Émile ZOLA (1840.1902)

Autographed and signed business card.

One page in-16° (5.8 x 9.5 cm) bordered in black. Crease mark in the left margin.

[Paris. 1880-1881]

Document framed between two panes of glass.

 

A moving postcard from Émile Zola responding to a volunteer subscriber for the future monument in homage to Balzac, for which Zola worked tirelessly for many years.

________________________________________________

 

Thank you for Balzac, sir;

But, alas! no subscription is open and you must wait to send your offering.

Émile Zola.

 

________________________________________________

 

Alexandre Dumas was the first to propose the idea of ​​a monument to Balzac immediately after the writer's death. The abandoned project was revived by Émile Zola in an article in Le Figaro on December 6, 1880, entitled " A Statue for Balzac." Zola explicitly demanded that a monument finally be erected to the master and called for the formation of a committee.
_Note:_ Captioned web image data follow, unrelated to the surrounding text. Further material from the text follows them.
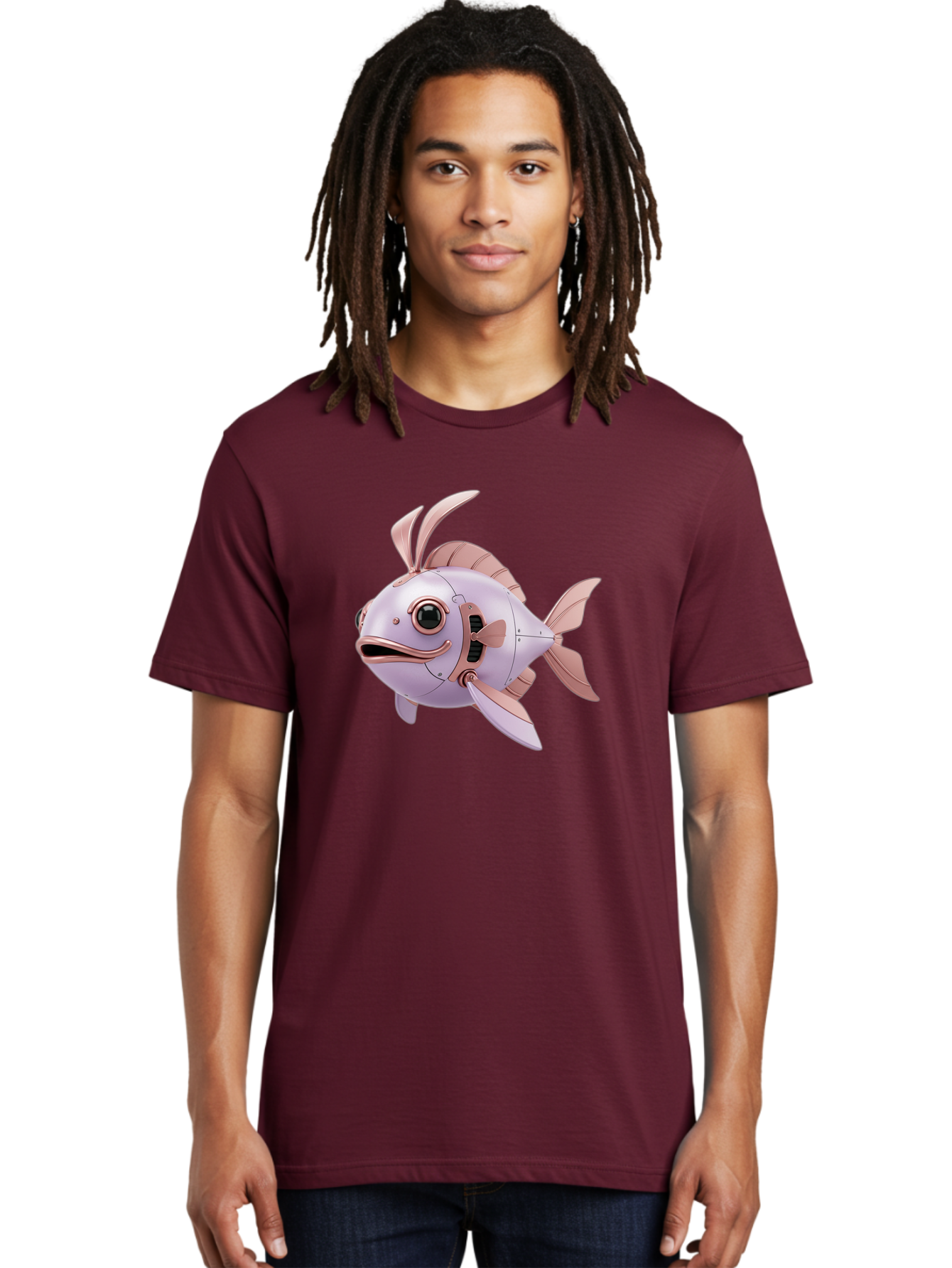 Mechanical-Fish Men'S Graphic Tee, 100% Cotton, Comfortable Casual Summer Wear, Machine Washable, Vintage Camera, Old Camera, Antique Camera, Black Camera, Classic Photography, Photography Equipment, Nostalgic Device, Film Camera, Camera Art Baf205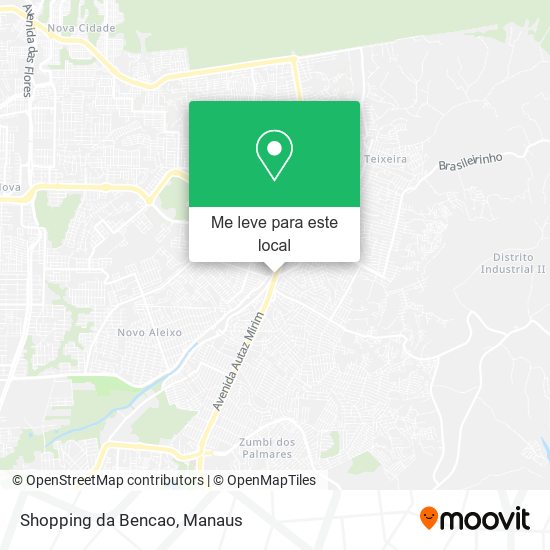 Shopping da Bencao mapa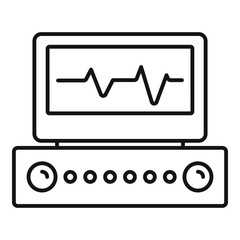 Electrocardiogram icon. Outline electrocardiogram vector icon for web design isolated on white background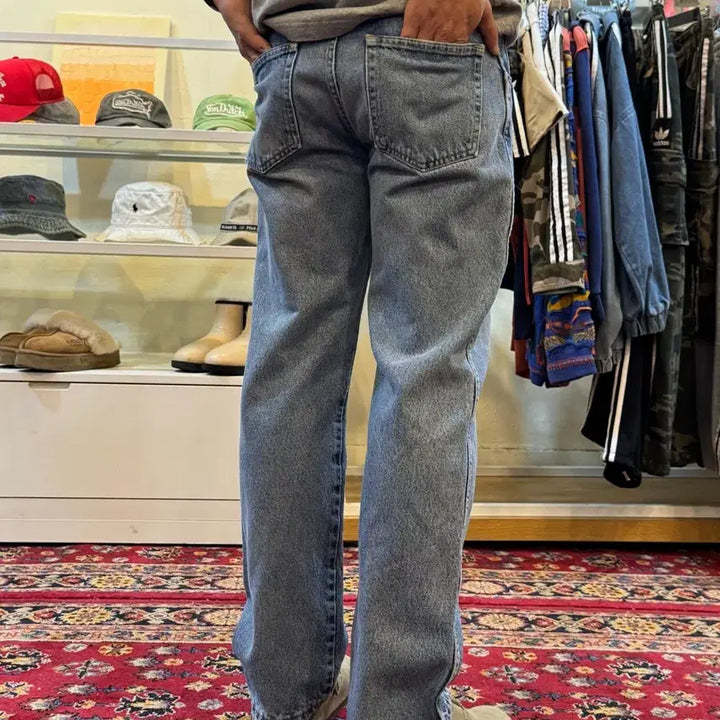 [BUNJANG] Vintage Wrangler Light Wash Denim Pants Size 33 / 빈티지 랭글러 연청 워싱 데님 팬츠 33in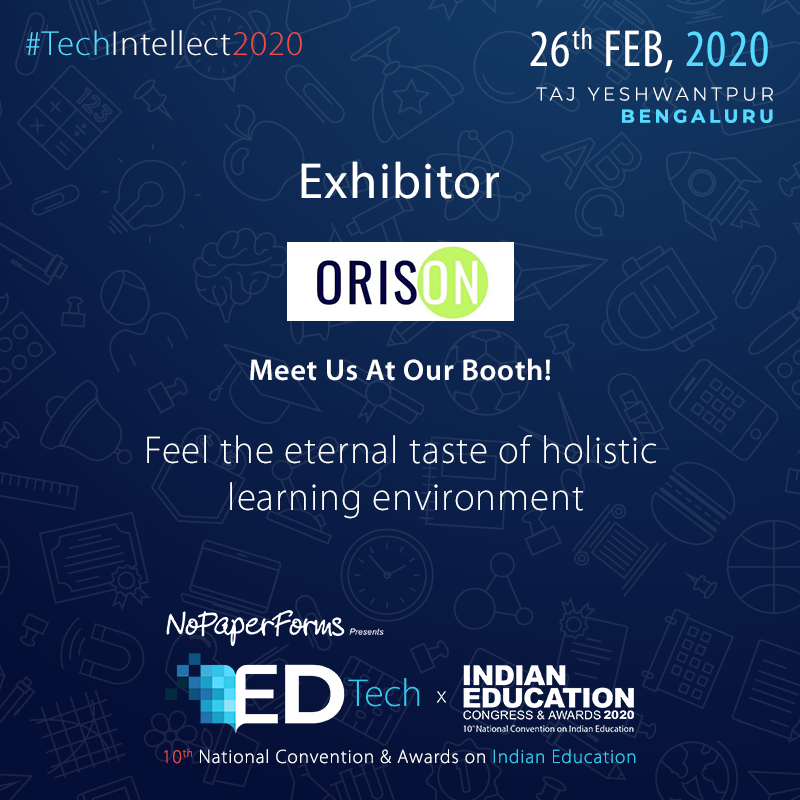 EntrepEducation's tweet image. You have experienced regular education system.
Now meet Orison Learning Studio at Indian Education Congress &amp;amp; Awards 2020 and feel the eternal taste of a holistic learning environment.

Register now at bit.ly/2vlI1NI

#IEC2020 #techintellect2020 #education #Bengaluru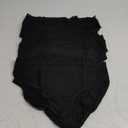 Wealurre Cotton Panties for Women Bikini Underwear Hipster Underpants Lace Briefs Pack (Large)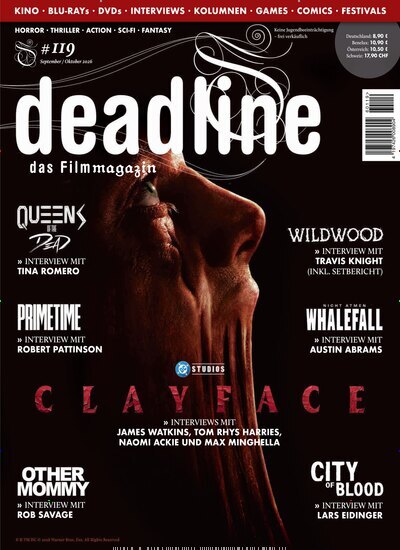 Titelbild der Ausgabe 119/2026 von deadline - das Filmmagazin. Diese Zeitschrift und viele weitere Audiomagazine, Filmmagazine und Fotozeitschriften als Abo oder epaper bei United Kiosk online kaufen.
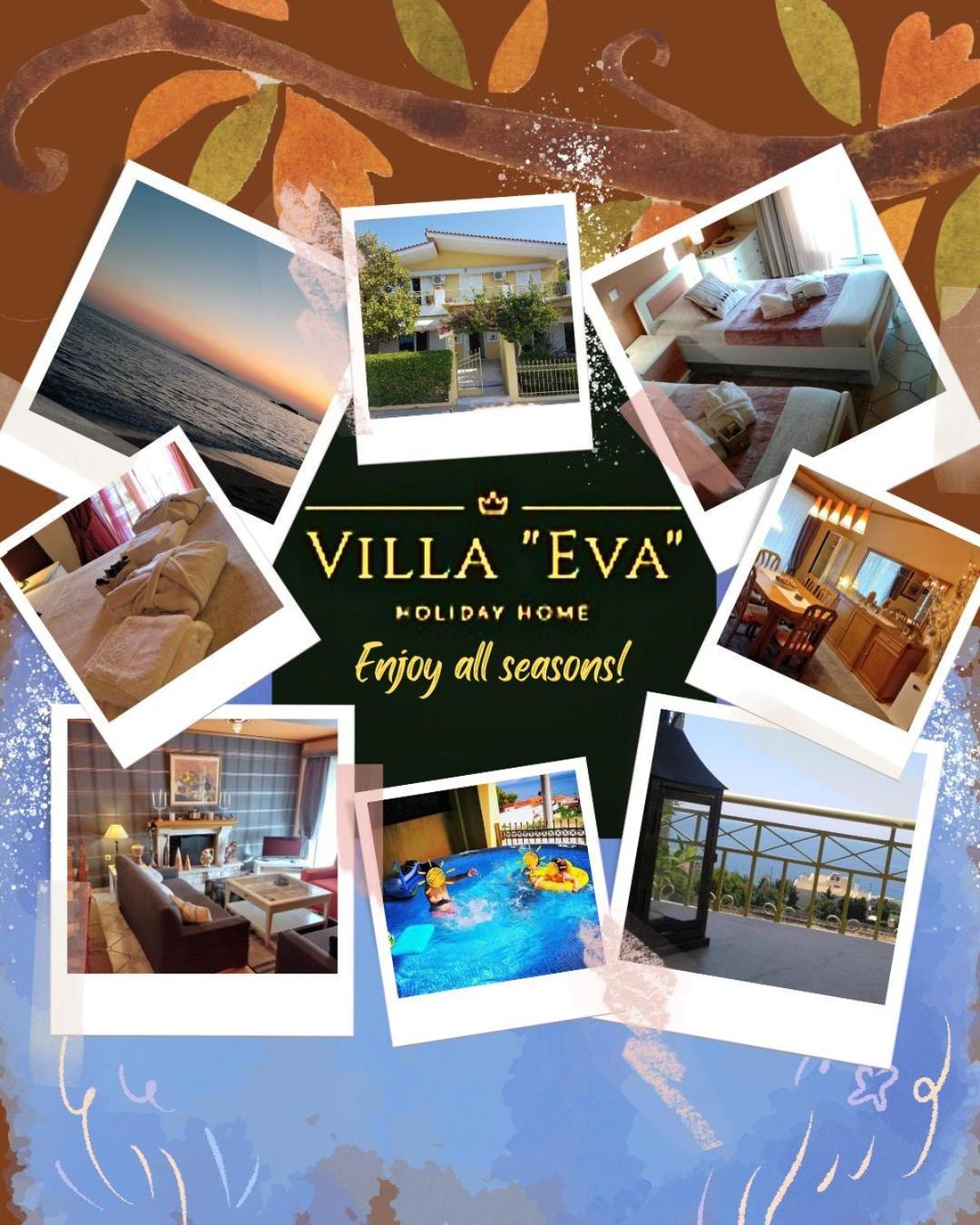 Villa "Eva" - Entire Beachfront Holiday Home - 4S Agia Marina  Exterior photo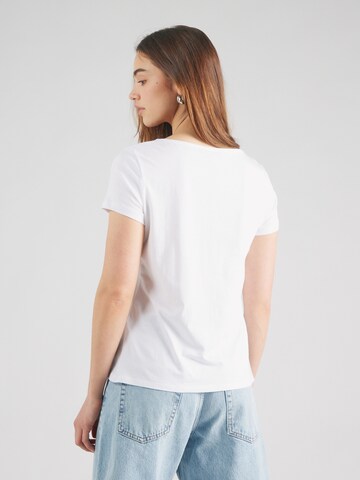 Tricou 'Lips' de la MORE & MORE pe alb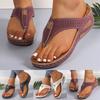 Leather Thong Sandals For Women Casual Arch Support Slip Strap Slippers Womens Flip Flop For Summer Beach Sandals Bathroom Shoes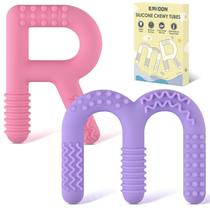 Tubo Sensorial Mastigável de Silicone ERKOON para Crianças com Autismo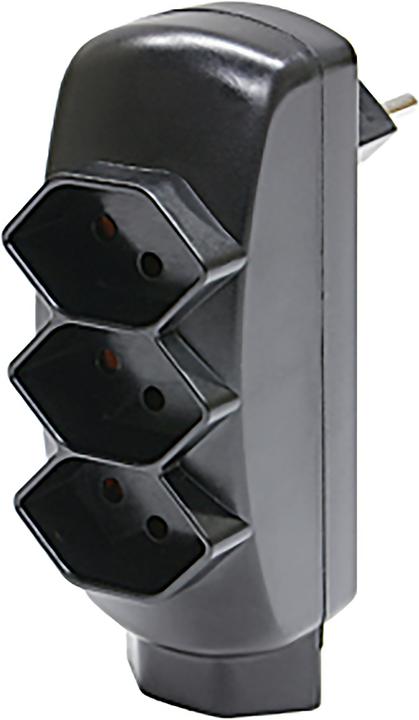 Image du produit Steffen Fiche de dérivation STEKO sans interrupteur 3xT13 + 1xT13 (Type 13, 4 x)
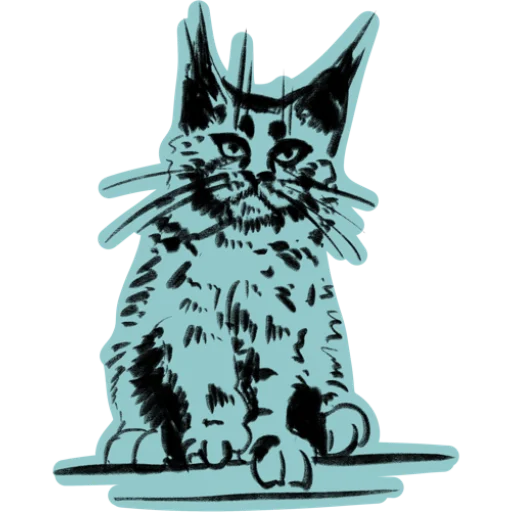 Telegram Sticker «Mad cats» 🙄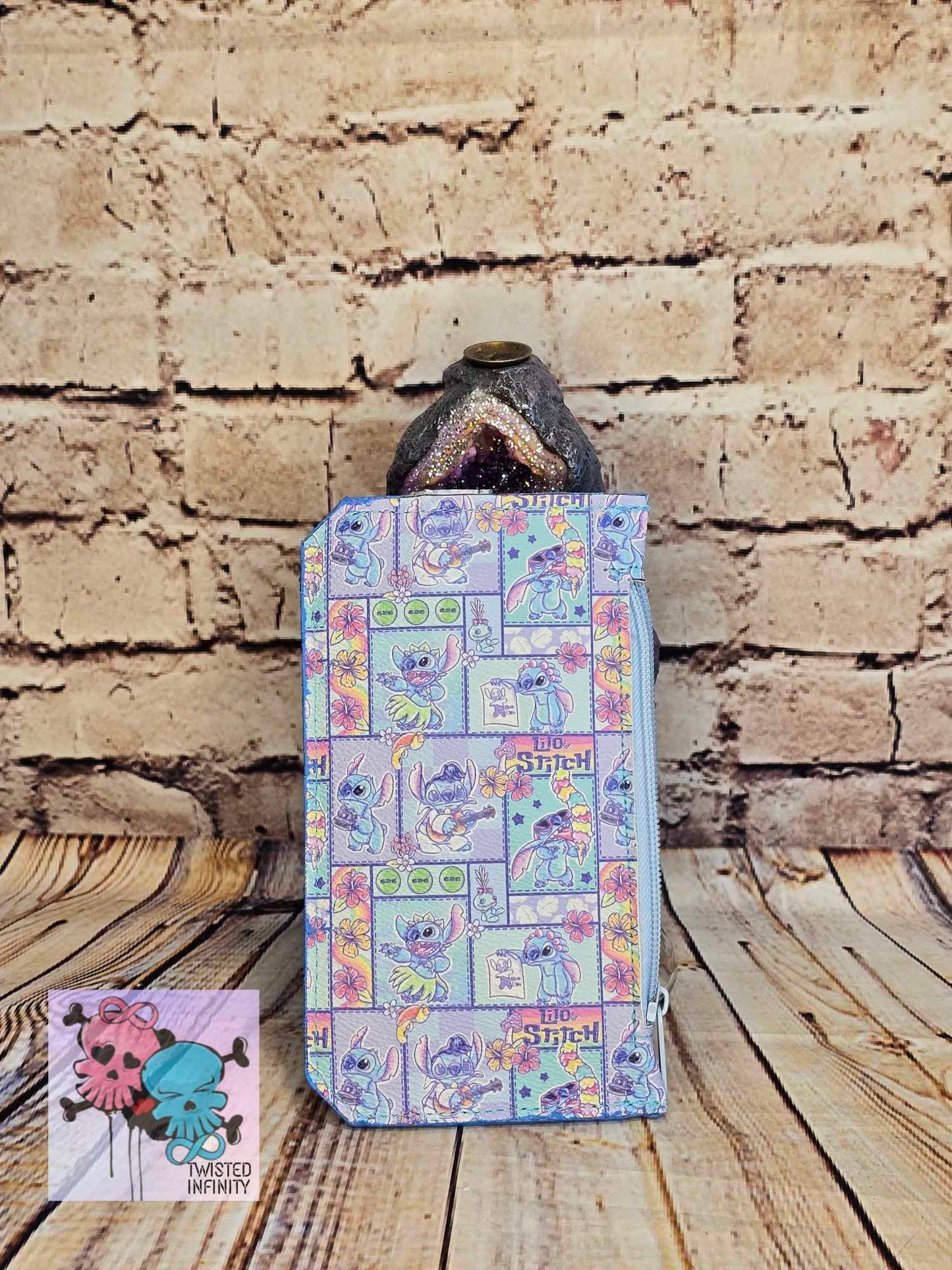 Slimline Vegan Leather Wallet- Alien 626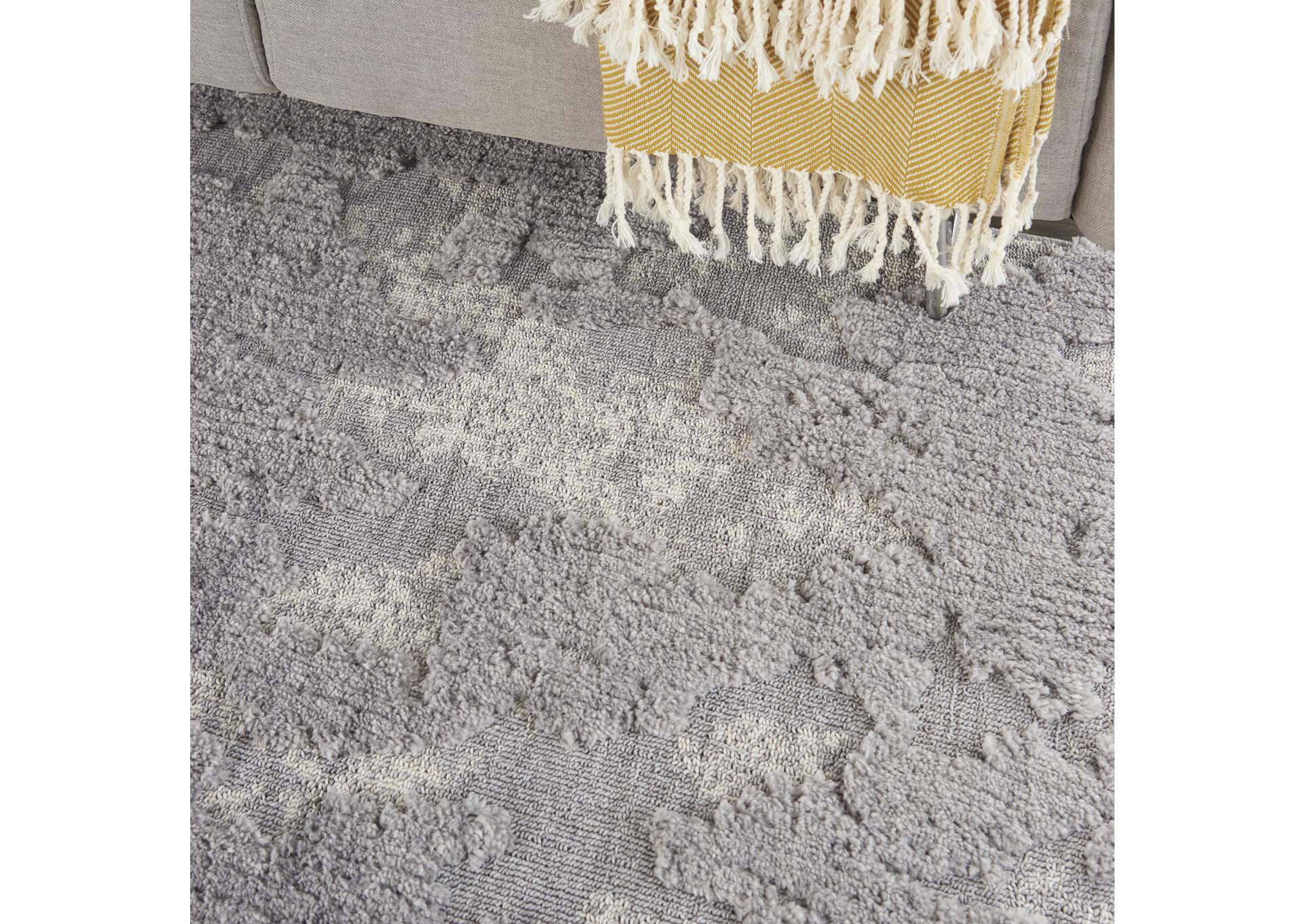 Nourison Zermatt 4' x 6' Ivory Neutral Area Rug,Nourison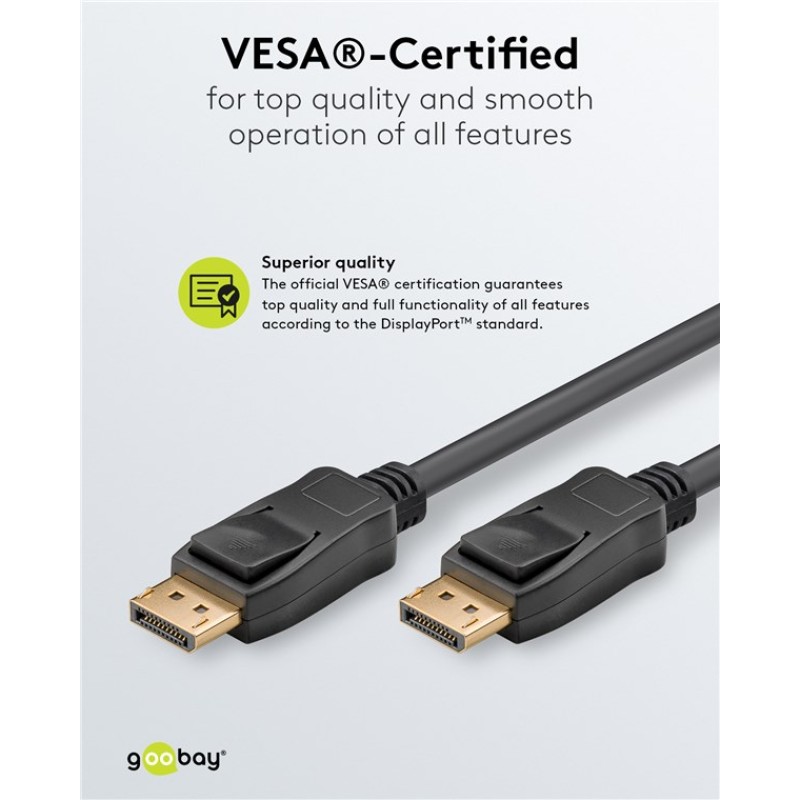 Goobay DisplayPort 1.4 Certified Cable 2m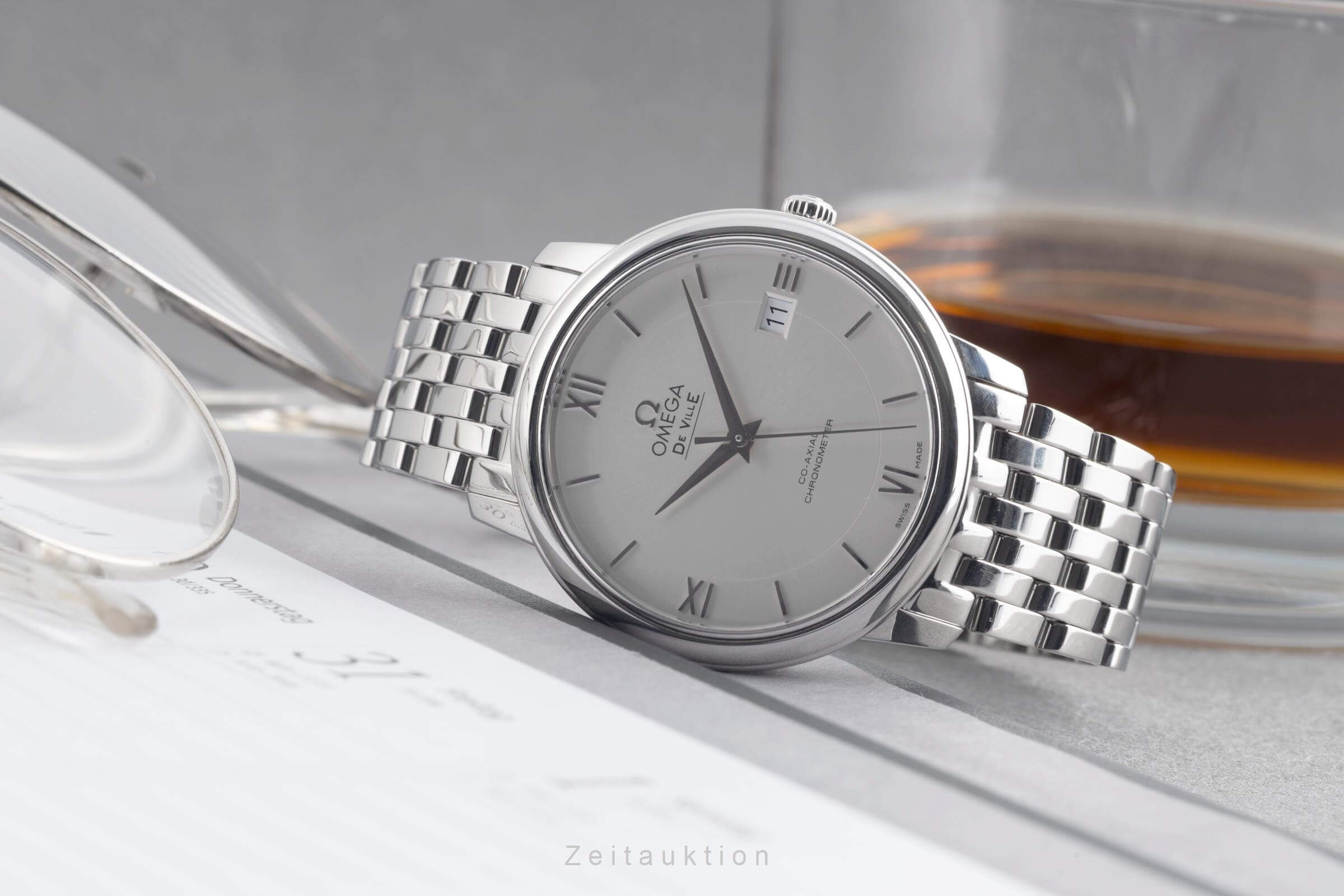 Omega De Ville acciaio automatismo Kal. 2500 Ref. 424.10.37.20.02.001  | Zeitauktion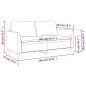 vidaXL Sofá de 2 plazas de cuero sintético color crema 140 cm vidaXL Sofá de 2 plazas de cuero sintético color crema 140 cm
It was in 1885, again through the intervention of Zola, then president of the Société des Gens de Lettres (Society of Men of Letters), that a monument was commissioned from the sculptor Henri Chapu, who would not have time to complete his work: he died in 1891.

The project called for a statue three meters high, to be delivered in 1893. Zola commissioned Rodin to take over the project, however, due to a succession of aesthetic controversies, political crises and institutional conflicts, the official inauguration of the monument on the median strip of Boulevard Raspail on July 1,1939 took place more than fifty years after the commission given to Rodin, and twenty years after the latter's death.

Zola's business card is bordered in black, in mourning for his mother, Emilie Aubert, who died on October 17, 1880.